The fascination of the philosophical paradox-game called the Prisoners' Dilemma (PD) is its capacity to test rival notions of rationality, morality, individualism, and collective choices.
A. K. Sen presents the following scenario of the Prisoner's Dilemma:
There are, so the story runs, two prisoners to be tried, each known to be guilty of a major crime (jointly committed), but the prosecution does not have enough evidence to prove this. What the prosecution does have is proof of a joint minor crime. So each prisoner is asked separately whether he will confess or not. If both do, then they will be tried for the major crime but get a reduced sentence, say 10 years. If neither does, then they will be tried for the minor crime and will get 2 years each. If one does and the other does not, then the pillar of society goes free and the other gets the full penalty of 20 years. Given this choice, each argues that if the other does confess, it is better for him to confess also, and if the other does not, then again it is better that he confesses. So each decides to confess and led by reason they go to prison for 10 years each whereas they would have got only 2 years each if they each refused to confess. That's the dilemma. [“Choice, Orderings and Morality,” in Stephen Koerner ed., Practical Reason (Yale, 1974), 56.]
Various reasons may invalidate Sen's next point. Sen claims that we are more correct in interpreting the nature of morality as a moral ordering, not of the outcomes (payoffs) of actions but of the various orderings of such outcomes.
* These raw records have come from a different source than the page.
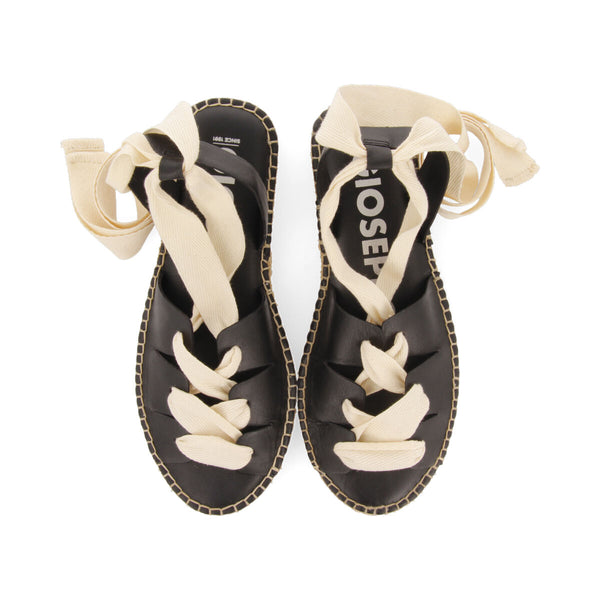 Sandalias negras de piel tipo espadrilles con cuerdas para mujer atibaia 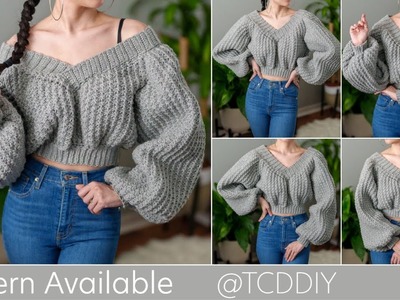 How to Crochet: Oversized Sweater | Pattern & Tutorial DIY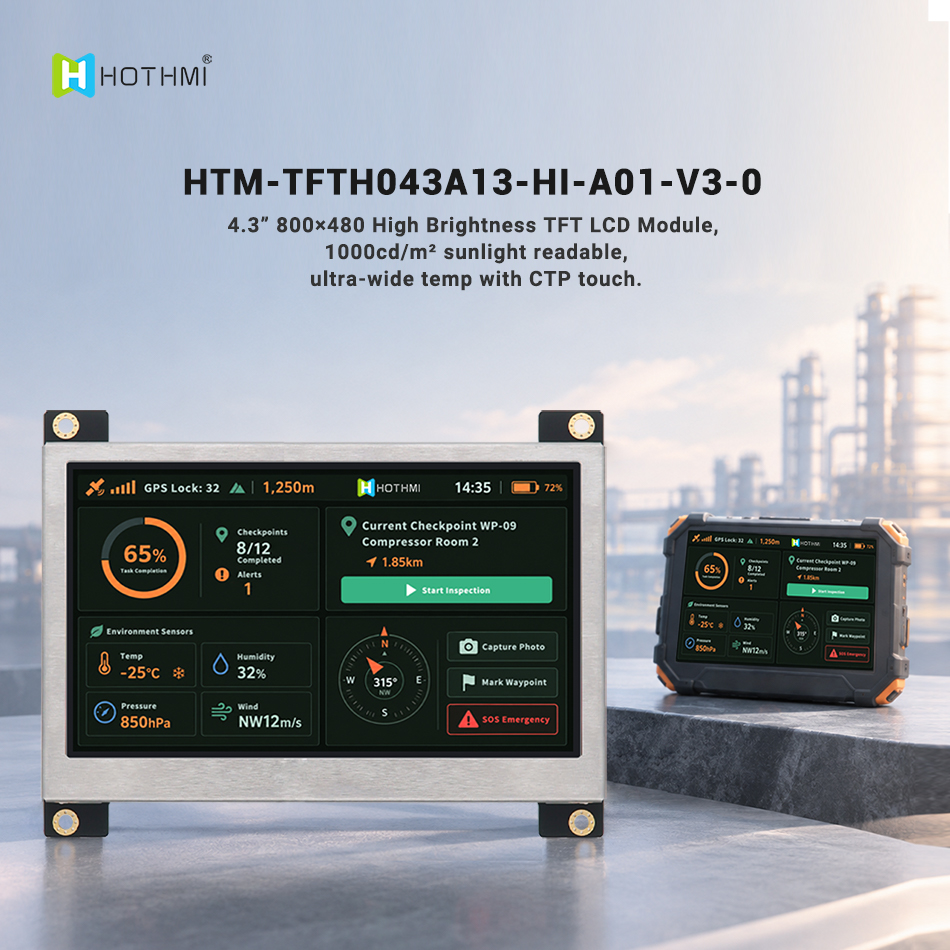 4.3寸高亮度HI TFT 显示屏模组800x480分辨率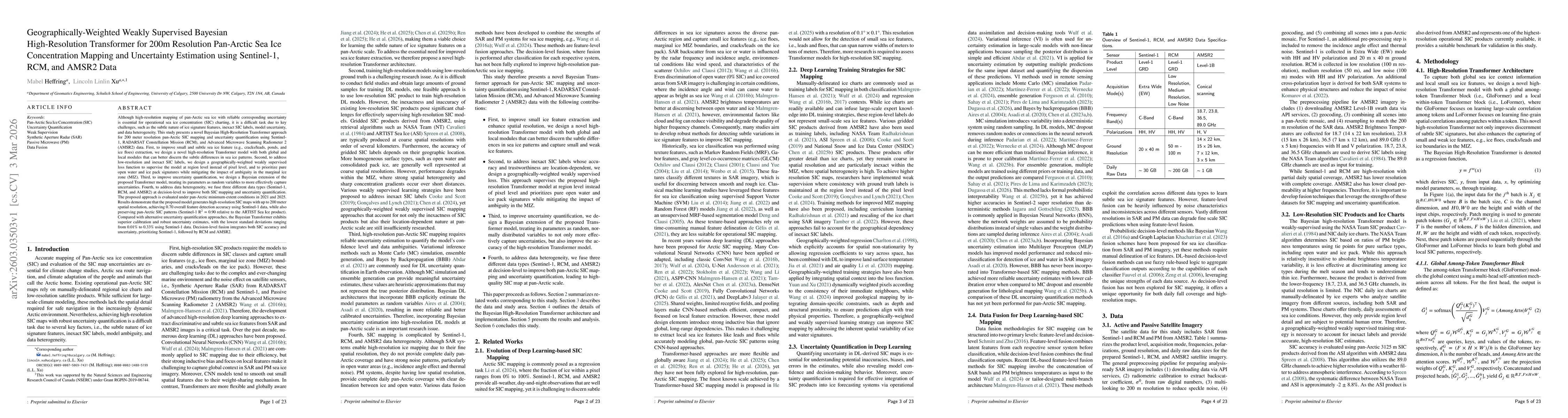 Thumbnail for Geographically-Weighted Weakly Supervised Bayesian High-Resolution Transformer for 200m Resolution Pan-Arctic Sea Ice Concentration Mapping and Uncertainty Estimation using Sentinel-1, RCM, and AMSR2 Data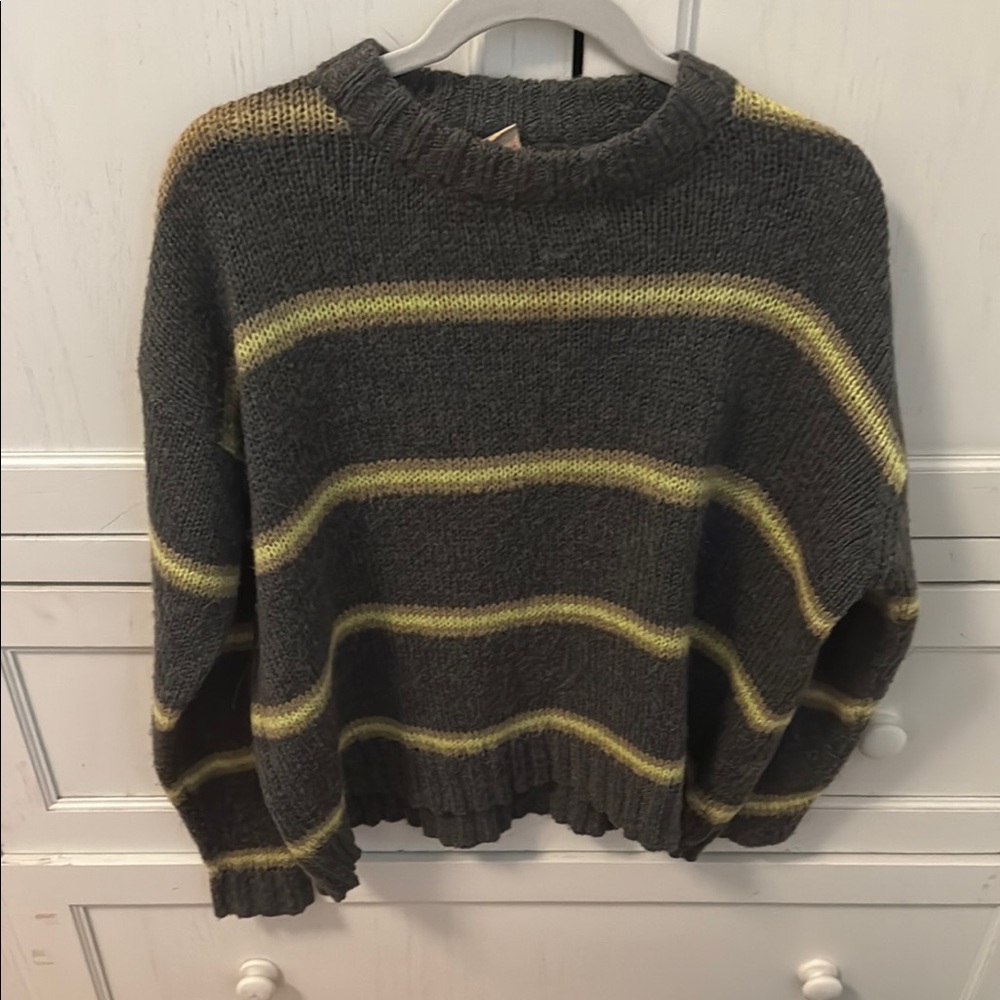 Striped Gray and Yellow Sweater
By this definition Sen seeks to eliminate the conflict between morality and social optimality. But Sen's arguments will not stand muster.
The PD actually involves three central problems—namely, isolation, coordination, and assurance. The isolation problem occurs when the decisions of individual's independent rationality, made in isolation, are worse for everyone than other alternative actions. The coordination problem arises when we can see an alternative action available to people caught in the isolation problem; but unless they all take the same coordinated action, they will fail to enjoy an advantage of departing from a rationally independent decision. Finally, the assurance problem shows that unless we receive adequate assurance that others will also decide upon the coordinated action, we cannot prefer to depart from independent rationality. However, we would all find this coordinated action more advantageous, and hence seem to maximize our social utility.
The PD raises the issue of whether it is more “rational” to follow “self-interest” or “morality” when the two seem to conflict. The PD paradox, as Sen interprets it, implies that self-interest (or universal independent rationality) maximizes neither individual nor social utility. Sen's argument would mean that those who define morality as social optimality must accept the corollary that it conflicts with individual optimality. Similarly, those who define morality as individual optimality would have to admit that it conflicts with social optimality.
Such inadequate conclusions call for a deeper analysis of the Prisoners' Dilemma. By clarifying our notions of morality and rationality we can show how perfect rationality and perfect morality necessarily coincide. To extricate ourselves from the PD we need to investigate a purely formal definition of rationality, like “doing what is supported by the best reasons.” In addition, we must define a substantive theory of reasons to spell out what facts are reasons for whom to do what.